Barnes & Noble Earnings Call Nuggets: Nook Sales Breakout and Microsoft Payments
Barnes & Noble (NYSE:BKS) reported its second quarter earnings and discussed the following topics in its earnings conference call. Take a look.
Nook Sales Breakout
Taylor LaBarr – Stifel Nicolaus: My question is when you look at NOOK device sales, how can we think about the breakdown between I guess sales to consumers who are upgrading or replacing an older device versus those are adding maybe a second device, a tablet in addition to an E Ink Reader versus those who are just totally new to the platform. I guess another way to think about it would be, device growth relative to account growth?
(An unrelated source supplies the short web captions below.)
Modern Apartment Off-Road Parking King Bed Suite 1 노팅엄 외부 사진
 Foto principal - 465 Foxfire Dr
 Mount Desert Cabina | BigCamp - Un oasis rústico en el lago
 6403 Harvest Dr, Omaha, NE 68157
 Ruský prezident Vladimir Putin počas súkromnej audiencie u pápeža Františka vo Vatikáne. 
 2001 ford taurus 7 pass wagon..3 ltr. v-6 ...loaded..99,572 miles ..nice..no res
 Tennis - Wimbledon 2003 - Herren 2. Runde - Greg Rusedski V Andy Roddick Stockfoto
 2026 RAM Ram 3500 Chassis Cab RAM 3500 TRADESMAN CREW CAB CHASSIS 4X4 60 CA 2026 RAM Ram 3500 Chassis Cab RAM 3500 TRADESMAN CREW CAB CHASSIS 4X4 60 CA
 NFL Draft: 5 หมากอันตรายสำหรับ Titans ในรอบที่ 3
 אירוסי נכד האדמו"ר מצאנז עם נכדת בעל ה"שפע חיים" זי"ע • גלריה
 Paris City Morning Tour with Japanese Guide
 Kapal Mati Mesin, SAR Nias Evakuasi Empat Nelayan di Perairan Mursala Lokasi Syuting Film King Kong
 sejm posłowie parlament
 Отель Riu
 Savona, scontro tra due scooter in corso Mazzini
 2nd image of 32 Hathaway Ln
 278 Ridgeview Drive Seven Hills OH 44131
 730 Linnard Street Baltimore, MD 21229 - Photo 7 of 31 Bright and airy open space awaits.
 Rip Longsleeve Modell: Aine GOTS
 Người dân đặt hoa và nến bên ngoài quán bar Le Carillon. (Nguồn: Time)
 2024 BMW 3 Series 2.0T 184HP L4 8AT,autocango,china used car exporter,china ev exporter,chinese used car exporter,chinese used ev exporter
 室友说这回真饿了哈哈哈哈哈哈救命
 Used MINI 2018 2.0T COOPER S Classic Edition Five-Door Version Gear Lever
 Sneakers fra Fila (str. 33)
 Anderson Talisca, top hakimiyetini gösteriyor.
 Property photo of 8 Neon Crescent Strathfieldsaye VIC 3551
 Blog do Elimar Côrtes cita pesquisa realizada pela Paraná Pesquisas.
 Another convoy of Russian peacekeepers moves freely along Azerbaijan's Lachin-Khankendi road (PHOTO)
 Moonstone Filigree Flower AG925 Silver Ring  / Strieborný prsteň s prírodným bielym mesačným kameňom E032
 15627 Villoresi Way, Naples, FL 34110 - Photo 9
William J. Lynch, Jr. – CEO: First of all, let me just make it clear that in the quarter, NOOK unit sales actually increased. So, well, Mike obviously was accurate in saying that they decreased at Retail what we are seeing is a share shift as we broaden distribution, and what we’ve seen is our third-party retail partners get really behind NOOK units and NOOK brand with expanded merchandising and footprints in their store, so especially Walmart and Target. So NOOK unit sales increased. In terms of account growth, it’s the right question. The way we look at it is, opening digital lockers and getting people on our ecosystem. The large-large majority of the new digital content users we added were new, meaning they weren’t upgraders and what we are seeing is that as we expand distribution, as apps and non-device acquisition becomes a bigger part of the overall business, and we’re less reliant, although we’re still – the Retail business – our store business is still a big part of our device sales, while we are less relying on that, we’re seeing new account growth rather than upgraders as the lion share of the new device sales and new users.
Matthew Fassler – Goldman Sachs: First question, you indicated, was that the Microsoft (NASDAQ:MSFT) payments were initially going to be considered finance arrangements and then recognized as income based on revenue. What revenue stream is going to determine the treatment of those payments and the recognition of income?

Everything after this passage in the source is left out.